Ciò su cui si basa la nostra crociata (perché di questo ormai si tratta), è paradossalmente una totale ammissione di colpevolezza per ciò di cui siamo davvero colpevoli. Nessuno chiede l’immunità su nulla, nessuno l’ha chiesta mai. Vogliamo pagare, se sbagliamo. Vogliamo essere giudicati, ed eventualmente puniti per le nostre mancanze. Ma vogliamo esserlo sulla base del principio costituzionale di uguaglianza. L’impianto accusatorio non può uscire dalla legalità. Il diritto alla difesa non può essere precluso. Non ci può essere pena senza che il reato venga accertato. Invece rendetevi conto di questo: nell’ambito della sicurezza negli stadi tutte le frasi di cui sopra, che parrebbero ovvietà assolute, sono in realtà gestite come nel Far West.

Lo sapete che il Daspo è un provvedimento amministrativo che viaggia indipendente rispetto al penale? Sapete cosa significa? Che magicamente non è più assoggettabile al normale decorso di un contradittorio, garantito dalla legge. Non esiste la tutela di un tribunale, se non il Tar, il quale si limita ad una verifica degli atti, udite udite. Si può basare l’impianto accusatorio su immagini video o testimonianze che in caso di daspo senza firma l’imputato non può neppure pretendere di visionare! Vi rendete conto? Se un domani un’immagine ambigua sembra ritrarvi in atteggiamenti poco consoni, dove i canoni di conformità variano dal gesto di stizza nei confronti dell’arbitro alla violenza su pubblico ufficiale, e vi vedete comminare un daspo per questo, non avrete neppure diritto a consultare quell’immagine. A confutarla, a contestare un fatto che magari veramente non avete commesso. Vi piace l’idea?

E ancora. Nell’anno domini 2019 il decreto sicurezza più in generale conferisce ad un solo individuo il potere di restringere a piacimento la libertà personale di chiunque. Di selezionare. E di farlo nella più totale autonomia, sotto il magico vessillo della sicurezza. Stiamo parlando di diritti primari della persona, porca troia! Che vengono violati nell’ambito circoscritto dello stadio, creando un’inconfutabile e inaccettabile forma di discriminazione. La ratio della dichiarazione con cui abbiamo aperto ha radici profonde. E terribili. Dalla discriminazione sono nati i peggiori crimini che la nostra storia si ricordi. Siamo diventati un esperimento sociale, ghettizzato, allontanato dall’opinione pubblica grazie ad abili distorsioni e omesse verità. Fingere di non vedere è una colpevolezza di cui nessuno dovrebbe macchiarsi.

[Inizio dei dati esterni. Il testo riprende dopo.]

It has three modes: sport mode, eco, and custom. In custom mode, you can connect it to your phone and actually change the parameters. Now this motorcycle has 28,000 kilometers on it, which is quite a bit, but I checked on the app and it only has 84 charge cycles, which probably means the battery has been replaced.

Ma non è tutto, perché quando pensi di aver toccato il fondo ti accorgi che chi legifera è armato di piccone e badile. E scava. La legge italiana non prevede la punibilità delle intenzioni. Sembra perfino idiota doverlo sottolineare, di fronte a reati minori. Ma è un principio talmente garantito che perfino di fronte a potenziali minacce di morte non è possibile muoversi legalmente “come se”. Invece allo stadio non è così. Ascoltate bene. NON È COSÌ! Chi vi accusa non deve più neppure preoccuparsi di imputarvi un’azione concreta, gli basta presumere che intendiate commetterla. Ed ecco che anche laddove l’eventuale penale si risolverebbe con una totale assoluzione in sede di giudizio, l’amministrativo che parte in automatico verrà comunque comminato e scontato. Magari anche pluriennale, in caso di recidiva. Magari con firma.

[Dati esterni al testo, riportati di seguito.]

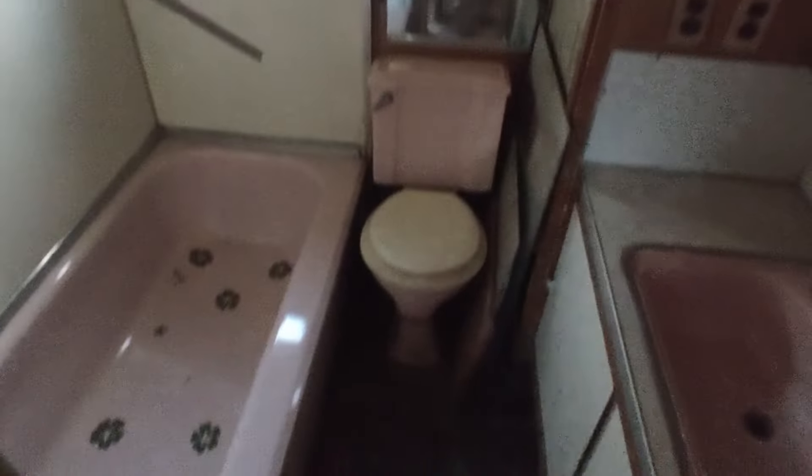Moving on back, we have a bathroom. A piece of trim fell down. Wonderful three-piece pink bath ensemble — the mirrors are there on the floor. Really cool pink bathroom. This sink here is really awesome. This trailer really is a cool piece — it's in really fair shape.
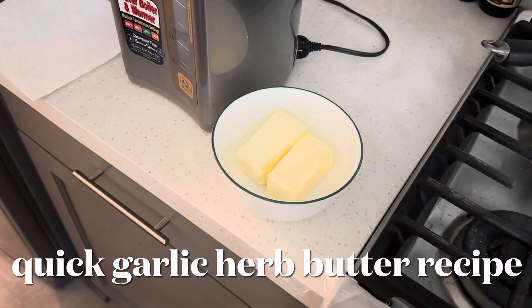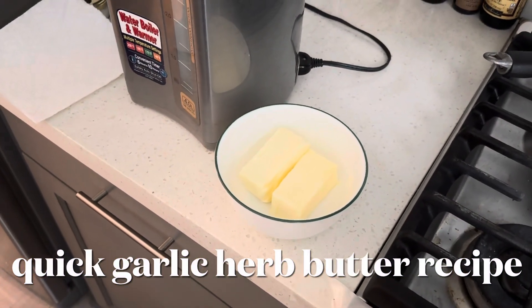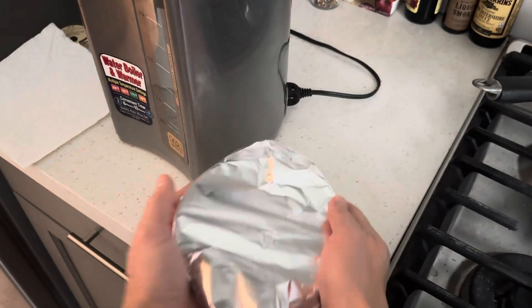Short on time to soften your butter? Put it in the bowl, cover it in foil, and put it on your water heater.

È su queste basi insane che la scure della discriminazione sta per abbattersi nuovamente sulla nostra realtà, in seguito ai non-fatti di SPAL-Parma. Una realtà già martoriata da esperienze eclatanti. Punizioni esemplari per intenzioni supposte. Per reati non commessi. NON COMMESSI. Siamo stati avvisati dell’avvio di indagini ai danni di molti nostri ragazzi per aver impedito, con la loro sola presenza (perché non c’è stato nessun tipo di contatto), che i parmensi raggiungessero l’incrocio tra Viale Cavour e Via IV Novembre. Dove avrebbero incontrato centinaia di normali tifosi con i nostri colori in bella vista. Le nostre famiglie. Anziani. Donne. Bambini.
Lasciamo immaginare a voi cosa sarebbe potuto succedere.

Le affronteremo ancora una volta queste indagini, come abbiamo fatto con tutte le altre. Sconteremo ingiuste e assurde diffide se arriveranno, le ennesime. Ma quello che vi promettiamo è che il silenzio non avvolgerà più tutto questo. Tutti devono sapere, tutti devono giudicare, con gli elementi a disposizione. Così come dovrebbero giudicare le mancanze a 360 gradi. Tipo ritrovarsi gruppi da cinquanta o più tifosi avversari in giro per la città privi di scorta, nonostante sistemi di sicurezza che, lato nostro, rasentano la scansione della retina. Nell’ultimo anno i bergamaschi, i romani, i parmensi, solo per citarne alcuni. Con conseguenti rischi per tutti, salvo imputare eventuali disordini a chi ci si imbatte, giocoforza.

Aspettiamo dunque l’epilogo di questa vicenda prima di scegliere come comportarci allo stadio, ma di certo, dovesse arrivare un colpo duro come ci è stato preannunciato, per noi sarà difficile continuare a tifare come se nulla fosse. Aprite gli occhi gente, perché come è sempre successo, quando avranno finito con gli ultras inizieranno con qualcos’altro.